## Pictures with short captions
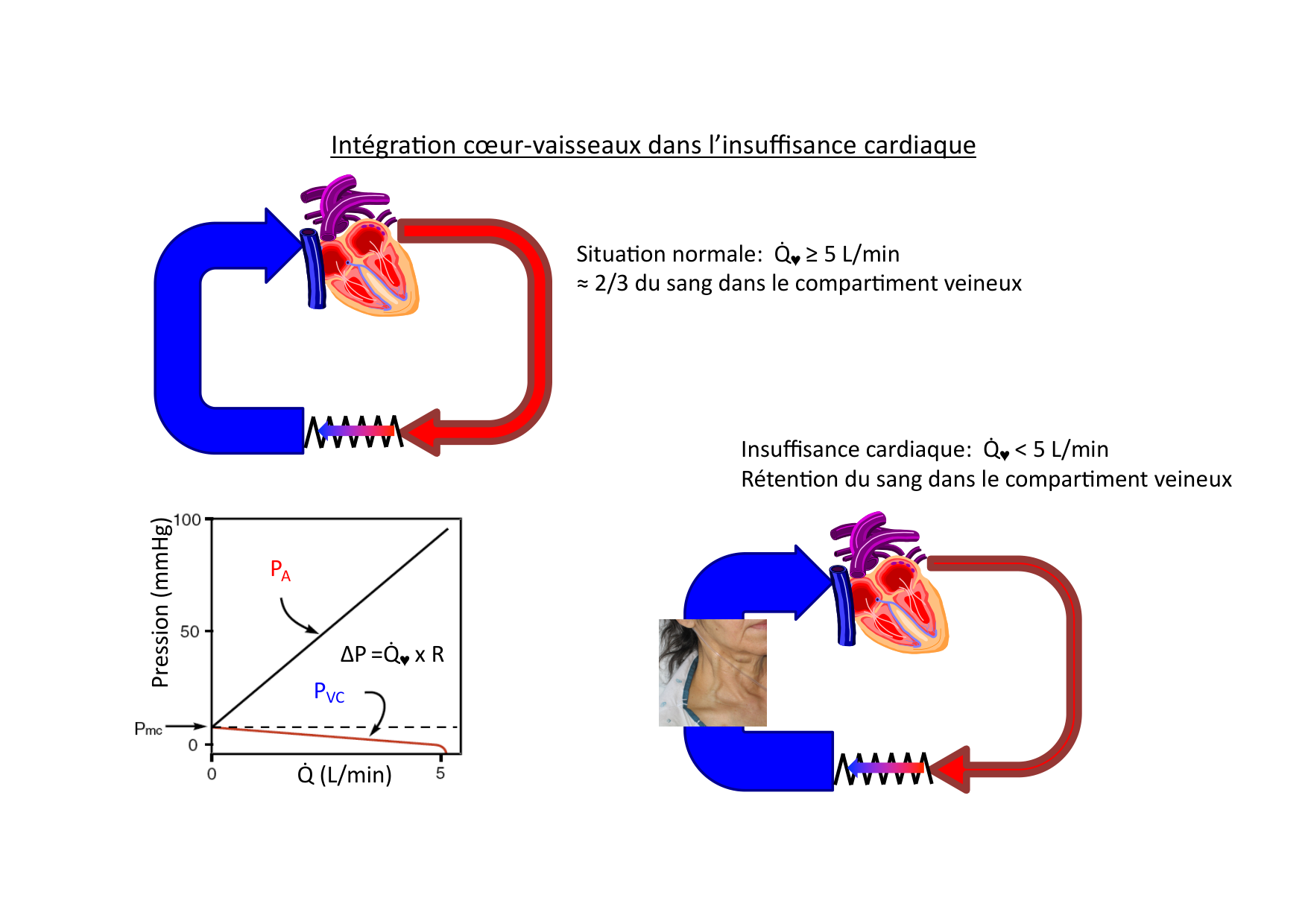 Insuffisance cardiaque page 19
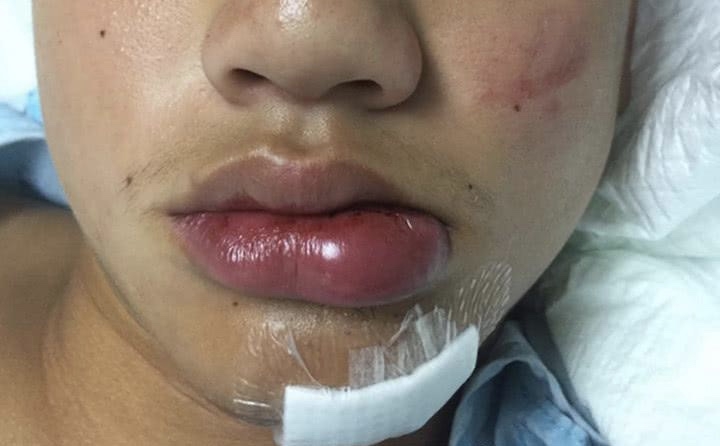 華人學生遭美國同學毒打險失明，凶手用外交特權躲回美國警方無奈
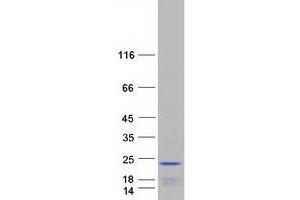 Validation with Western Blot (RPP25L Protein (Transcript Variant 2) (Myc-DYKDDDDK Tag))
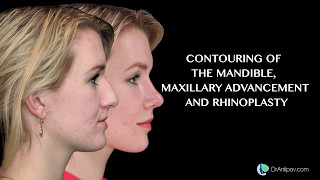 Contouring of the mandible rhinoplasty CASE 2 [upl. by Llenet]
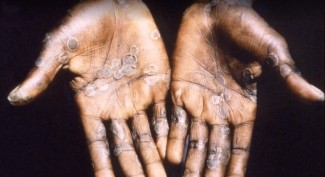 Nzay's Insight on VOA: The Mpox Crisis in the Hardest-Hit DRC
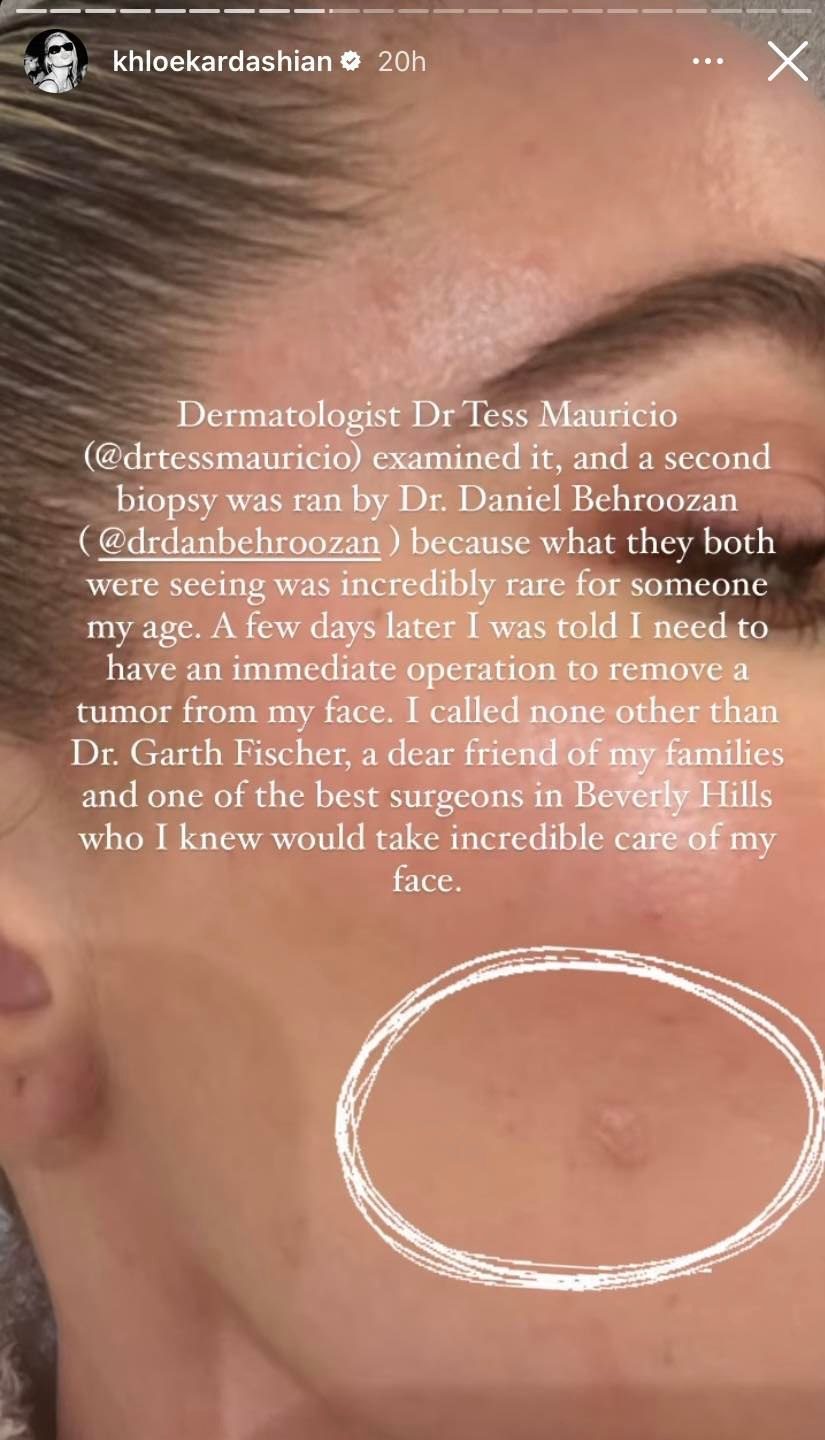 A close-up of the tumour on Khloe Kardashian's face.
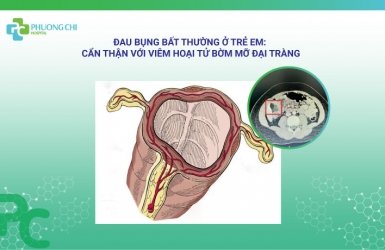 Đau Bụng Bất Thường Ở Trẻ Em: Cẩn Thận Với Viêm Hoại Tử Bờm Mỡ Đại Tràng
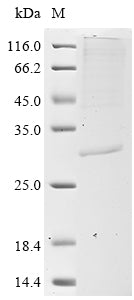 Greater than 85% as determined by SDS-PAGE.Recombinant Human Comm Domain-Containing Protein 5 (COMMD5) Protein (His&Myc)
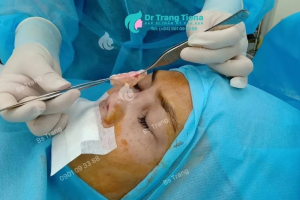 Lợi ích kỳ diệu của việc đặt trung bì mỡ khi tháo sụn mũi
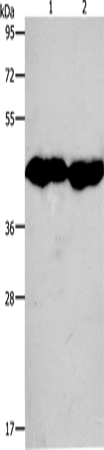 CKM Polyclonal Antibody – Figure 1 of 3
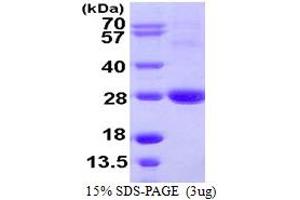 SDS-PAGE (SDS) image for ADP-Ribosylation Factor-Like 11 (ARL11) (AA 1-196) protein (His tag) (ABIN667499) (ARL11 Protein (AA 1-196) (His tag))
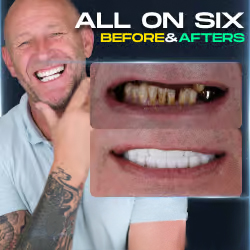 All-on-6 dental implants in Turkey gallery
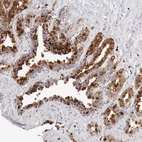 Immunohistochemical staining of human seminal vesicle shows moderate to strong positivity in lysosomes in glandular cells.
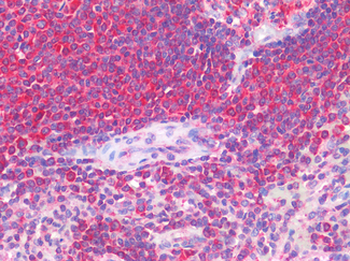 IL-1B/IL-1 Beta Antibody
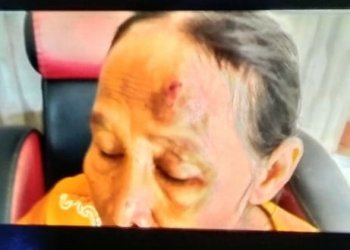 Oknom Polisi Diduga Aniaya ART Di Gambut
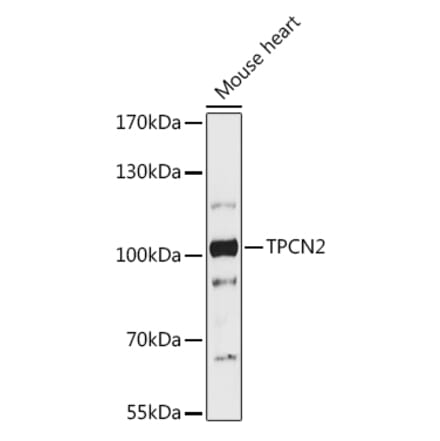 Western Blot - Anti-TPC2 Antibody (A93343) - Antibodies.com
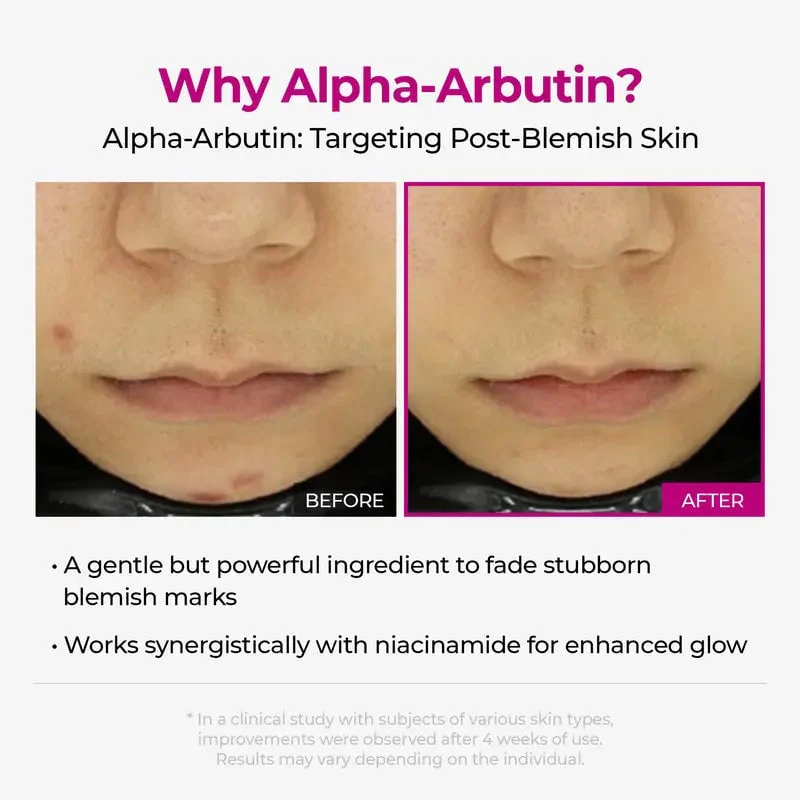 Intensive Discoloration Serum - Image 11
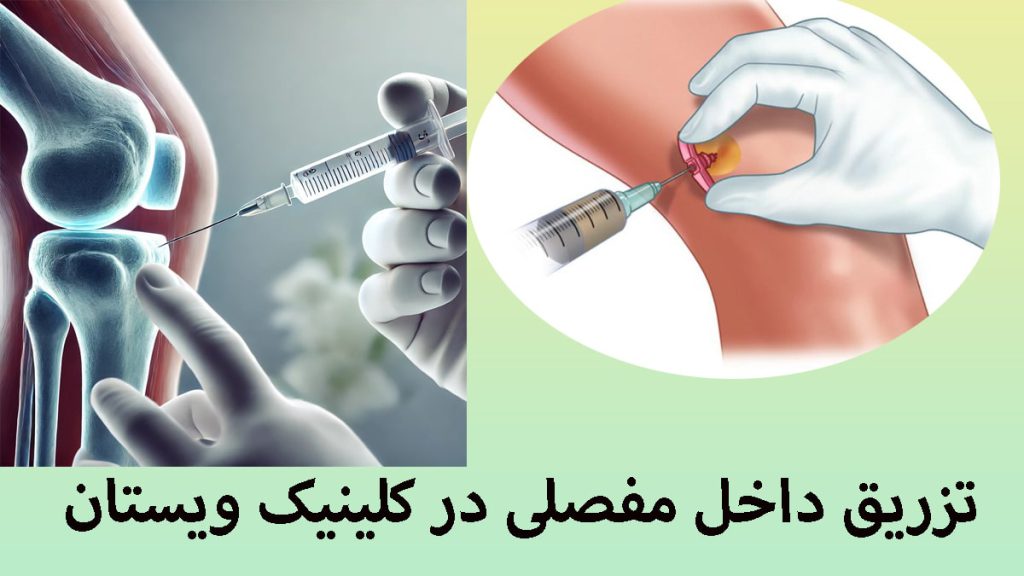 تزریق داخل مفصلی دو تصویر که تزریق داخل مفصلی زانو و شانه را نشان می دهد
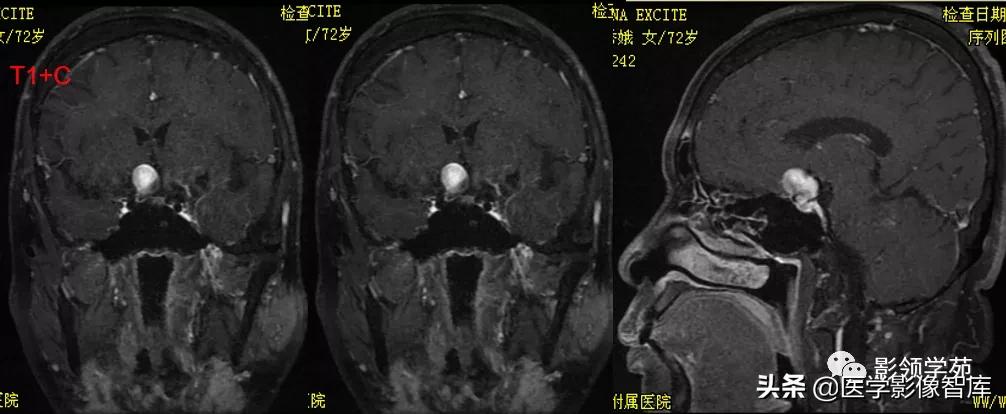 鞍区肿瘤做什么检查得出来,鞍区肿瘤的影像学鉴别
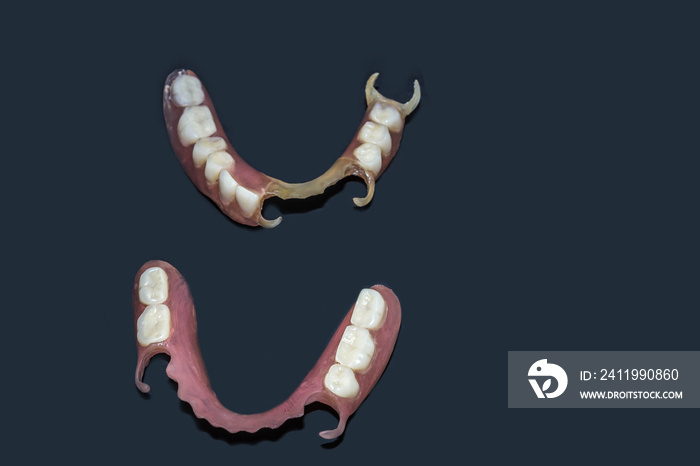 Removable dentures flexible, devoid of nylon, hypoallergenic exempt from monomer.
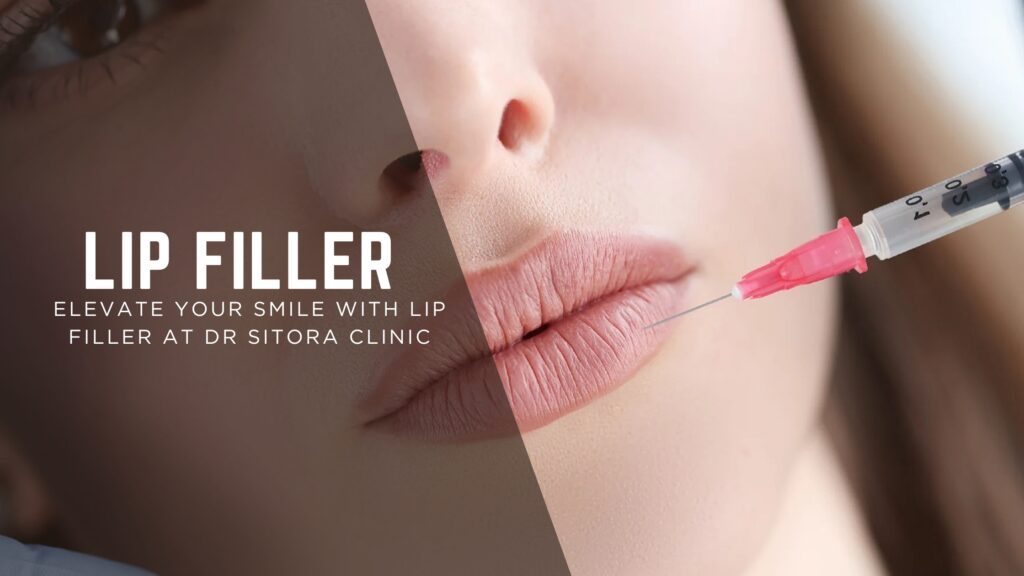 Lip Fillers in Dubai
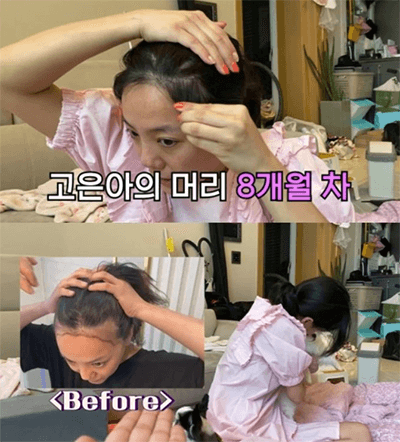  모발이식 비용 500~5,000모 가격 정리, 부작용, 후기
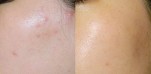 4 cách để mụn ẩn tự trồi lên khỏi mất công nặn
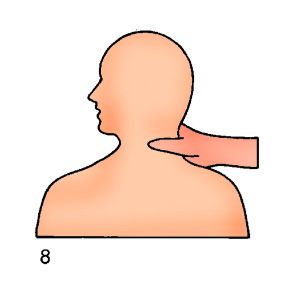 La compressione arteriosa. Caso di ferita al collo. La compressione arteriosa. In caso di ferite al collo si comprime la carotide con il pollice immediatamente sotto la ferita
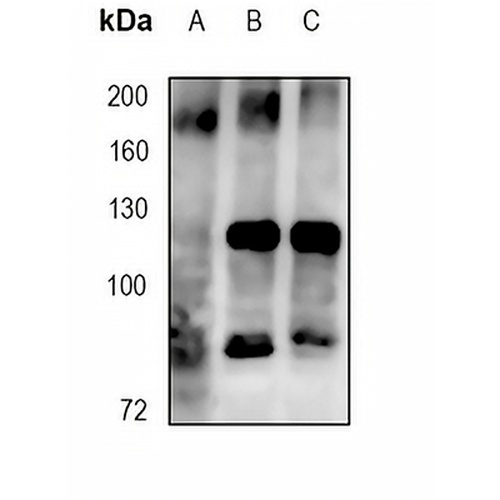 IRS2 Rabbit Monoclonal Antibody(C1844)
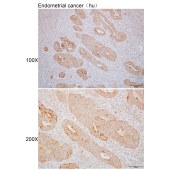 Solarbio K110081P Anti-CYB5R1 Polyclonal Antibody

## TASK INSTRUCTIONS
Using the entries above, transcribe every line from the line containing "Greater than 85%" through the line containing "CKM Polyclonal Antibody – Figure 1 of 3". Do not copy pictures.

## ANSWER TO THIS EXERCISE
 Greater than 85% as determined by SDS-PAGE.Recombinant Human Comm Domain-Containing Protein 5 (COMMD5) Protein (His&Myc)
 Lợi ích kỳ diệu của việc đặt trung bì mỡ khi tháo sụn mũi
 CKM Polyclonal Antibody – Figure 1 of 3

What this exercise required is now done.